Matière du souffle de Jacques Dupin
Note : Matière du souffle de Jacques Dupin et Balises pour Jacques Dupin de Nicolas Pesquès, éditions Fourbis.
Le texte ci-dessus est extrait d’un beau dossier Jacques Dupin du Matricule des Anges. PhR.
Image : Stan Gaz, "Matthew, Ash Series, 2004"
Avec Matière du souffle Jacques Dupin creuse dans l’espace du poème l’illisible noirceur de la peinture de Tapiès : trajet d’une écriture orageuse.
La brûlerie d’aromates
En 1950 Jacques Dupin a vingt trois ans. Hanté déjà par le cerne aveugle du volcan, par la masse profonde qui l’anime, il écrit : "C’est en toi qu’ira le Chant, le Feu, se défaire et se recomposer,/enfants sans âge et sans chemin, orphelin du cratère". C’est à la poésie, comme expérience de la veille, que Jacques Dupin donnera cette enfance. Son premier recueil, Cendrier du voyage, publié chez Guy Levis-Mano, lancera ainsi la première balise. Cependant, elle n’est pas à prendre comme le point fixe d’un ralliement, ni ne se veut simple repère d’un lieu ou d’une terre.
Les balises de Dupin sont clignotantes. Elles sont erratiques, s’éteignent pour s’allumer plus loin, changent de têtes. Elles ne se maîtrisent pas. Elles naissent pour se déplacer. De la violence de cette poésie, René Char, l’ami et l’aîné, dira qu’elle eût "l’importance que l’on aurait justement refusée aux confidences d’un simple mal d’enfance". Le ton de sa parole, Jacques Dupin ne cessera aussi d’en dénoncer les vanités, réécrivant sans cesse, répétant pour briser le risque de la forme close, voyageant pour un pas qui creusera une terre toujours plus noire : lieu auquel on se heurte comme à sa première blessure, lieu du "j’avance" rimbaldien, lieu où il faudra s’enfouir et se retrouver encore fils sans nom d’un fossé illisible. C’est par l’approfondissement d’une saignée aveugle à l’intérieur du corps, par son articulation et sa répétition dans le champs éclaté du réel, que Dupin naît. Depuis, cette oeuvre avance pour ne constituer que l’appel de sa Ligne de rupture. De Gravir (1963), L’Embrasure, et plus récemment De nul lieu et du Japon (1981), De singes et de mouches, Contumace, Échancré, jusqu’à Rien encore, tout déjà (1990), les fractures s’ouvrent, encerclent toujours un lieu inabordable, décalé, oblique et de l’écart. Et c’est encore à cela que convie Jacques Dupin aujourd’hui par Matière du souffle.

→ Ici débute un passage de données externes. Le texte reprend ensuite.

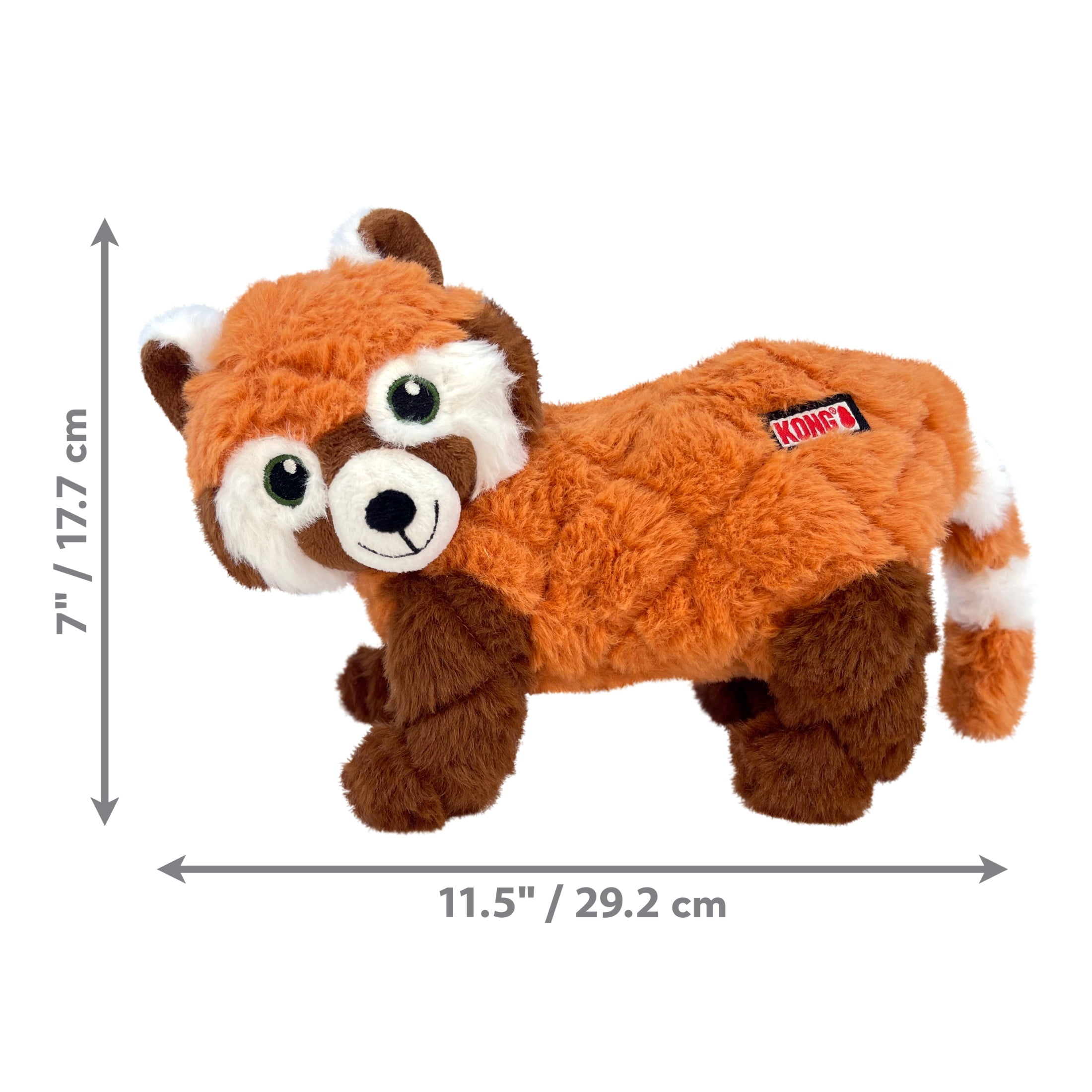 KONG® Scampers Squeaker Plush Dog Toy, Red Panda, Medium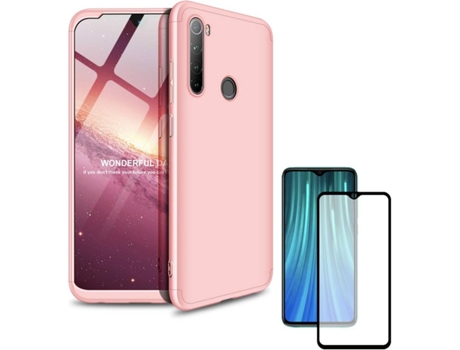 Funda y Protector de Pantalla Xiaomi Redmi Note 8 PHONESHIELD Slim Armor 360º / Flexguard Full Rosa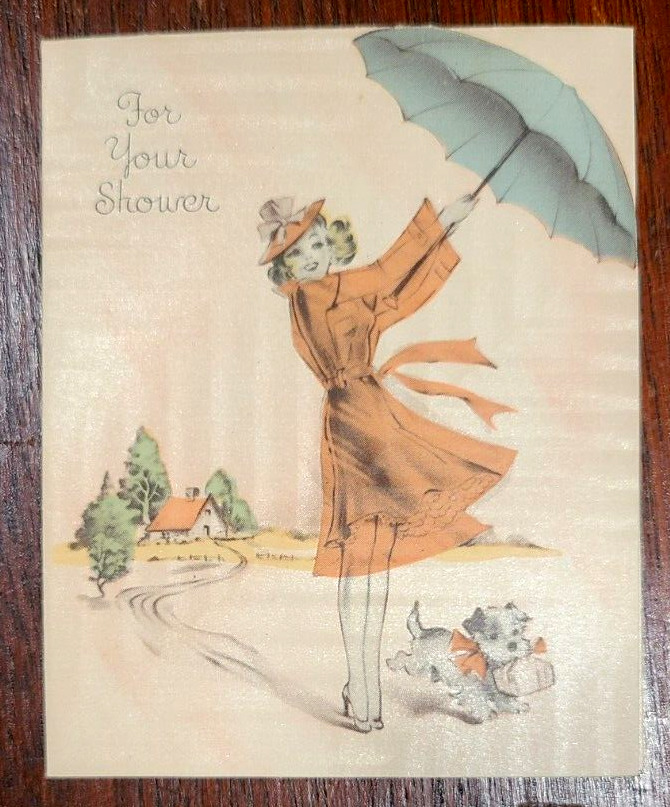 Vintage 1938 For Your Shower Small Greeting Gift Card ~ Satin Finish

Ce recueil offre un regard qui s’aimanta d’abord aux toiles du peintre catalan Tapiès. Épreuve donc que ce lien avec la peinture et qui se voudrait être au moins, comme Dupin le dit lui-même, "le non-écrit qui rougeoie, qui enfonce ses échardes, qui aspire à devenir le creux d’une armature, l’immersion d’une nudité...". Épreuve que "d’être à l’affût de ce qui vient, de ce qui approche, de ce qui va sortir de l’embrasure et de la main" d’un peintre dont le nom Tapiès devient à lui seul l’espace d’un mur graphité et rayé d’écorchures, d’angles resserrés autour de croix et de signes clignotants. Ce travail face à la peinture ne cherche pas à dire. Quand bien même il ouvrira, en d’autres livres, sur des textes critiques consacrés à Miró, Giacometti, Adami, Bacon, Chillida, Michaux, Pollock..., il ne s’agira pas de dire, mais d’être au plus près de leur geste à tous, d’être dans d’"usantes et abrasives incursions". Ainsi, les matières de Tapiès, les pointes assaillantes dont témoignent les balafres qui s’y inscrivent, les corps, le noir et le goudron, tout cela est illisible et ne peut se dire que lorsque les mots cèdent à "un transport intraduisible...".
Chez le même éditeur, Balises pour Jacques Dupin de Nicolas Pesquès n’est pas un travail de commentateur. Fragments, lettres ou paragraphes écrits dans la veille et les saccades de cette poésie, ces balises tentent de se tenir elles-mêmes dans la provocation d’un rapt que l’écriture de Dupin cherche à maintenir en elle. C’est aussi une fidélité à ce qui creuse le poème de Dupin. C’est une "voix de l’amitié dans la générosité du son et la confiance de la rencontre".